If you haven’t already noticed, the Internet is full of certain programs and web sites supposedly geared toward business use. In fact, there are so many, that a lot of independent digital business pros go crazy trying to figure out each one and how to use it correctly. Even in the case of social media, a lot of business pros come to that difficult crossroads, trying to decide which ones to use for the best business success possible.
With so many social media web sites, a business pro should know what to look for in each one, which ones can be the most helpful for business, and which ones are worth using for more casual purposes. Even with so many, the aforementioned guidelines can make the lives of today’s professionals that much easier in the arena of social media and marketing.
More or Less Formal
Social media web sites do have a distinction between those that are for more formal, business-oriented usage and others that are for more casual use within the public sphere. You might have noticed this with messages in your e-mail inbox asking you to join a particular network. But at that point, you should think about which ones you should register for and how to use them thereafter for the best outcome for your business.
The more business-oriented social media sites are the ones that you use to network between colleagues and associates, past or present. LinkedIn, one of the most popular professional social media sites out there, is a prime example. This social media site boasts job postings, updates about business improvement strategies, and industry-related updates. If you register on a professional social media site like this, keep matters as formal as possible. Include information about you and/or your business, what services you offer, and where you can be reached. Here, keeping information as formal as possible will help you network with business professionals like yourself, and it’s always good to keep an eye out for your own industry-related small business social media sites—new ones spring up all the time and are worth joining.

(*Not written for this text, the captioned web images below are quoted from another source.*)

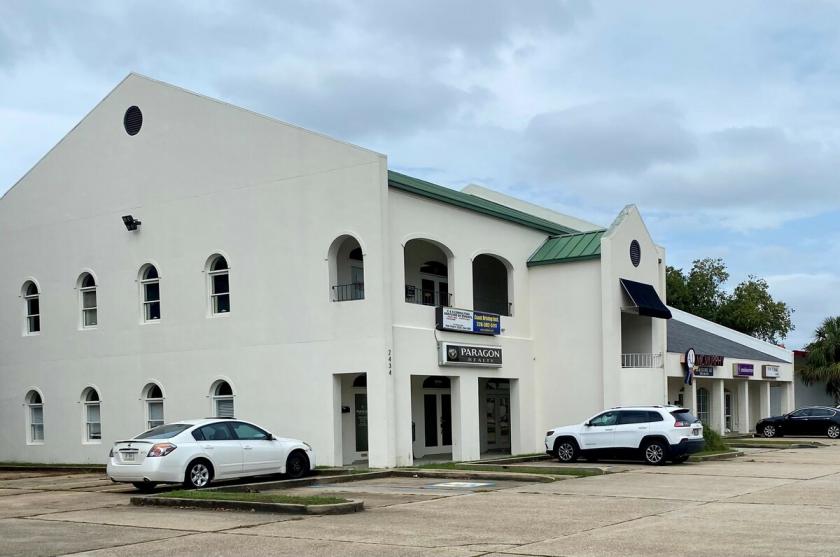 2432 Pass Road Biloxi, MS 39531 ID 262302 MyEListing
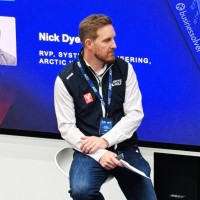 Nick Dyer Email & Phone Number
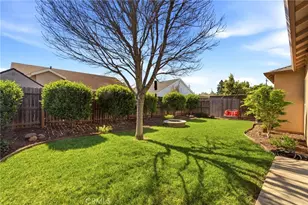 52 Redeemers, Chico, CA 95973 - Photo 2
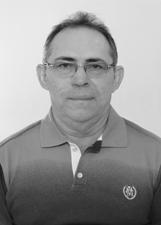 Foto de RAIMUNDO GILSON DOS SANTOS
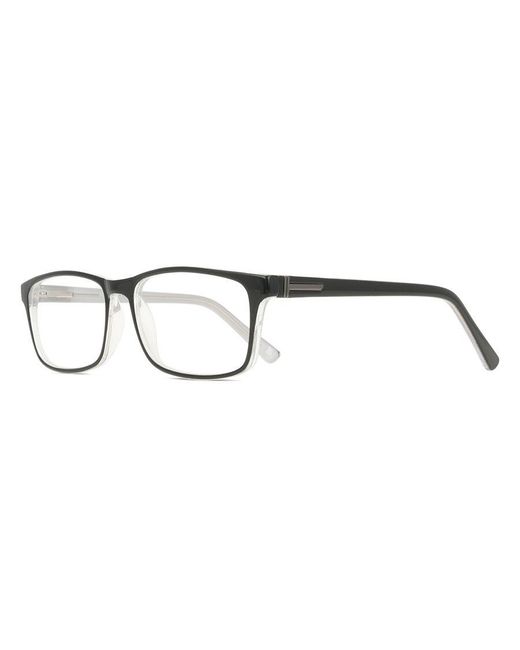 SmartBuy Collection Black Sandy Cp150B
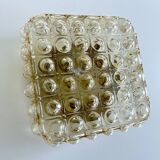 Vintage Bubble Light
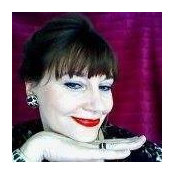Eva Schielke's photo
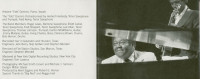Preview: Antoine 'Fats' Domino (2-CD) Preview: Antoine 'Fats' Domino (2-CD)
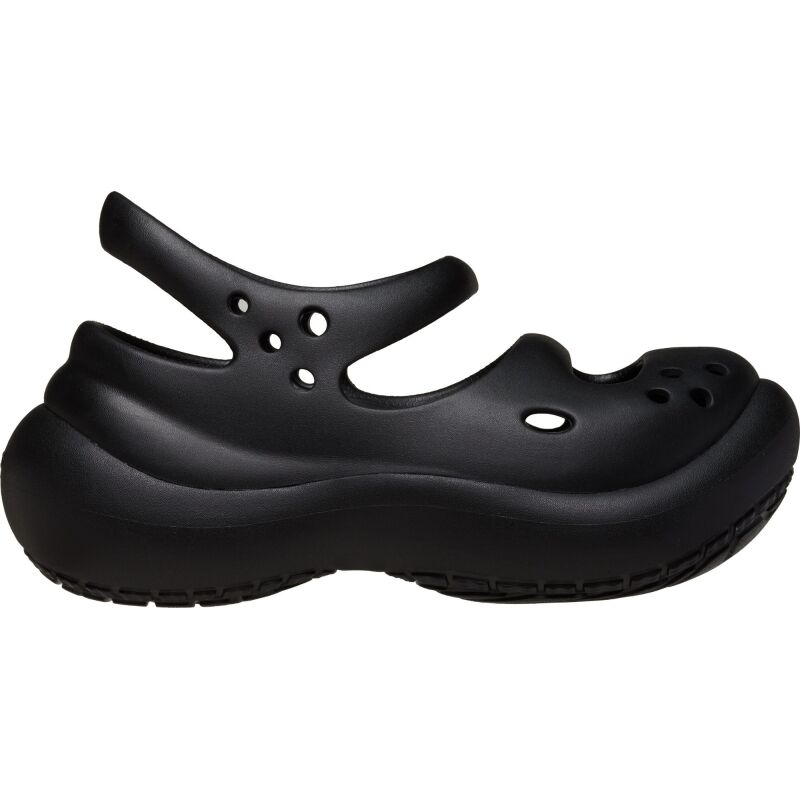 Crocs™ Phaedra Black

On the other hand, more casual social media sites like Facebook or Twitter are also worth registering with. Through these sites, you have the ability to have a more fun, informal interaction with the public online; you can operate things, like a social media blog, or offer more imaginative promotions to those that join up with your account. Obviously, some discretion must be used here, and you should stick to business—stay away from the gossip or shop talk that your friends engage in on the same web site. But don’t be afraid to have fun here. Social media is meant to be used as a positive networking tool.
Dividing It Up
A good trick for social media and marketing strategies is to have a social media management plan at hand. If you register your business on more than one social media web site, come up with a schedule on when to update them and with what specific content for each one. In a way, having more than one social media web site means you get to spread your professional knowledge and personal sense of fun over a diverse array of digital forums. Splitting up your social media strategies, can be both fun and challenging.